## [WORK TASK]
Report back every line below that carries the word "screen".

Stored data

============================================================

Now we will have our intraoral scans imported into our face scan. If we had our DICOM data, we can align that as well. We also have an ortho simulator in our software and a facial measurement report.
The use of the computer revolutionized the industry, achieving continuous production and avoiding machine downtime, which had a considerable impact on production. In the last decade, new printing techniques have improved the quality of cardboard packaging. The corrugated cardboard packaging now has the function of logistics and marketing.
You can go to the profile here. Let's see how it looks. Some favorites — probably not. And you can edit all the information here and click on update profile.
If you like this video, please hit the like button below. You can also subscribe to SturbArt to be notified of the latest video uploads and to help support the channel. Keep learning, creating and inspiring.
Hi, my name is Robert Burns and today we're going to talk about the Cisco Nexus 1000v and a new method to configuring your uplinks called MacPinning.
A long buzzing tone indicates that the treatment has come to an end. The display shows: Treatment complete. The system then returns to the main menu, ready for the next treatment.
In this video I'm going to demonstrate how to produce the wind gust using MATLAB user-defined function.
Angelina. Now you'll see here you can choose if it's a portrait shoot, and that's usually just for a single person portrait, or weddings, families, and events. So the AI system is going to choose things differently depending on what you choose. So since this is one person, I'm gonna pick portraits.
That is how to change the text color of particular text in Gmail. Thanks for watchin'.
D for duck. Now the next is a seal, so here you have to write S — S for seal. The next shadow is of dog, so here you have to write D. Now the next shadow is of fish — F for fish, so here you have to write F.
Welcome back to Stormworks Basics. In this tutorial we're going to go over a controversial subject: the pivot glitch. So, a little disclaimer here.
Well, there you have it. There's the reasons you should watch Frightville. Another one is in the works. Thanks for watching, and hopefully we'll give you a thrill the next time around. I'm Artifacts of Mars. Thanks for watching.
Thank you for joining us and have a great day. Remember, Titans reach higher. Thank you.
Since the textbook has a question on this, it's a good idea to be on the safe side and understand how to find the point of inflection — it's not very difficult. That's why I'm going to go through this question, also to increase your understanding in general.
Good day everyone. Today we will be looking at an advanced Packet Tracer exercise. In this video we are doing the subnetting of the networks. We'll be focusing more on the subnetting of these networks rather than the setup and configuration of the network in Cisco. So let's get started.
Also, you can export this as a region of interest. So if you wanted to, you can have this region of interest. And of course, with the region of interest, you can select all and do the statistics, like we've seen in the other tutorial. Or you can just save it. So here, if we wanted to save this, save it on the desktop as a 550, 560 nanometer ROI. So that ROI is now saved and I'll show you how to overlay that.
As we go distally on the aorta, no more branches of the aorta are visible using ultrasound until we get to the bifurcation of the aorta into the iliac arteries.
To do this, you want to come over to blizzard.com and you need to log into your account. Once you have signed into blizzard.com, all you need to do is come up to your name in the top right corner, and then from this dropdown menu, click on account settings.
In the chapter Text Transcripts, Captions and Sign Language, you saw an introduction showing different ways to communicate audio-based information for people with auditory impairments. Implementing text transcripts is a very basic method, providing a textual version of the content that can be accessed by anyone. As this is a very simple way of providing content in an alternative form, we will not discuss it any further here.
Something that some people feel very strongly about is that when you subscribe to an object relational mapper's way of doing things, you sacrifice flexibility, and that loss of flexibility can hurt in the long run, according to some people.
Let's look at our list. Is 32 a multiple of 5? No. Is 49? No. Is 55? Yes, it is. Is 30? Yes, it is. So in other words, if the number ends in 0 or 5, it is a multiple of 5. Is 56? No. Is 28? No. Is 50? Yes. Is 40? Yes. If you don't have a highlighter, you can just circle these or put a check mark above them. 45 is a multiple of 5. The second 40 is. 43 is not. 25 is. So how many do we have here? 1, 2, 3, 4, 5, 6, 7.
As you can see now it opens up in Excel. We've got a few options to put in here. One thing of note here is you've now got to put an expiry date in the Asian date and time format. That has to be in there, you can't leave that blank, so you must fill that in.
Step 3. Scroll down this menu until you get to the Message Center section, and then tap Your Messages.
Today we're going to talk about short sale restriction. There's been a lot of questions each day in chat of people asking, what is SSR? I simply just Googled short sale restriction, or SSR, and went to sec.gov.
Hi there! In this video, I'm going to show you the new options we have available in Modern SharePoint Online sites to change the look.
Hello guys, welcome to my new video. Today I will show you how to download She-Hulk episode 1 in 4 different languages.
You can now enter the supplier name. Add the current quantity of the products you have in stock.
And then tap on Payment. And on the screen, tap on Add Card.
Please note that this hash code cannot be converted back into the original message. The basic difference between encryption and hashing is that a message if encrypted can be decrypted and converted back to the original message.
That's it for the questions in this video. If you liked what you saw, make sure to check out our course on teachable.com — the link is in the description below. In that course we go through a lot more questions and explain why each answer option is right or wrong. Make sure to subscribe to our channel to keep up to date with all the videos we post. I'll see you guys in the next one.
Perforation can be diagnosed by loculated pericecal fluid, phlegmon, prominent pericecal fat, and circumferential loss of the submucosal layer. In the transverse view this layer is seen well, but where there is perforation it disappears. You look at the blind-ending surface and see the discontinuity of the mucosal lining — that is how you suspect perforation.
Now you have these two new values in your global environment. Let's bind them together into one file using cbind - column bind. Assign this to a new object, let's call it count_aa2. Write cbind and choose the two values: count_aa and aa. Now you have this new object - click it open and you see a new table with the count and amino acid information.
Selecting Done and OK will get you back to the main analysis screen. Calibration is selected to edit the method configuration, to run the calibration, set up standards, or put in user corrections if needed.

============================================================

## [REPLY TO THE EXERCISE]
And then tap on Payment. And on the screen, tap on Add Card.
Selecting Done and OK will get you back to the main analysis screen. Calibration is selected to edit the method configuration, to run the calibration, set up standards, or put in user corrections if needed.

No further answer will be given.